Field of variable charge distribution over all space

[BenR]

Homework Statement

A charge distribution has uniform density in the x-y directions and varies with z according to: ρ(z) = ρ0e−|z|/t

where ρ0 and t are constants.

(a) Find the potential V (z) and the electric field E(z)

(b) Sketch them clearly showing their behaviors in the regions |z| ≪ t and |z| ≫ t.

(c) In the region |z| ≫ t, the system should behave as if there were a uniform sheet of charge. Find the effective charge density σ.

Homework Equations

I am not certain I'm setting up the integral for the field correctly. This is what I've set up as the integrand (I'm doing this on my phone and will do my best to be clear).

1/4pi(epsilon naught)•(rho(z)•(z-z naught) dx dy dz)/(x^2+y^2+(z-z naught)^2)^(3/2).

This is all times z hat, and integrated from
-L to L, after which I will take the limits as L goes to infinity.

I have obviously discarded x and y hats, because the charge is uniform in those directions and the non- z components will cancel, but should contribute something in the z direction. The quantity raised to the three halves is the separation vector times the denominator of the unit vector r (only the z component of which survived in the numerator).

What I'm getting is a x/sqrt(x^2+(yz terms)), and factoring out a x from under the radical and taking x to positive and negative infinity I get 1.

Left over(ignoring constants in front) is rho(z) (z-znaught)dydz/(y^2+(z-znaught)^2)

Integrating over y, I get rho(z)•(z-znaught)•1/(z-znaught)•arctan (1/y) which when evaluated from negative to positive infinity gives me pi.

So now I'm left with an integral of just rho(z) with no terms for distance which seems strange.

The Attempt at a Solution

I guess I put my attempt above. Oops. At any rate, is this a sensible way to go about this? I suppose considering I'm essentially integrating over expanding spheres a term of pi makes sense, but I can't find any similar examples to corroborate my approach.
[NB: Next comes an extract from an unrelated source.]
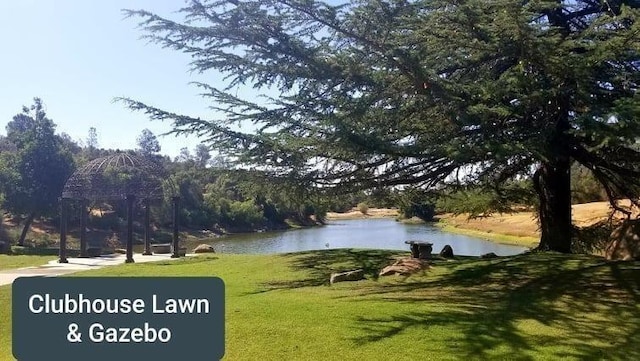 view of property's community with a lawn and a water view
I haven't attempted the second and third parts yet but who knows what that will yield. I'd appreciate any critique or suggestions regarding methodology or set up, whether my approach is yielding what looks like a correct answer or not (it seems somewhat cumbersome but maybe it just is). In the future I will try to actually format this on my phone.

 

[haruspex]

I have not tried following your hard-won alphanumeric equations, but what I don't see is any reference to the field at a point from an infinite uniformly charged plate. That would seem to be a useful starting point.

 

[BenR]

I mean... That's what I'm getting basically. I'm left with rho(z)/epsilon, and rho(0) gives me a constant which would be the surface charge density for any plane normal to the z axis. So now integrating z over infinity should yield a sensible answer

 

[haruspex]

I mean... That's what I'm getting basically. I'm left with rho(z)/epsilon, and rho(0) gives me a constant which would be the surface charge density for any plane normal to the z axis. So now integrating z over infinity should yield a sensible answer

Sorry, but I can't follow what you are saying there. It would be clearer if you would post your actual working.
What is the charge density of a plate of thickness dz, normal to the z axis, passing through the ordinate z?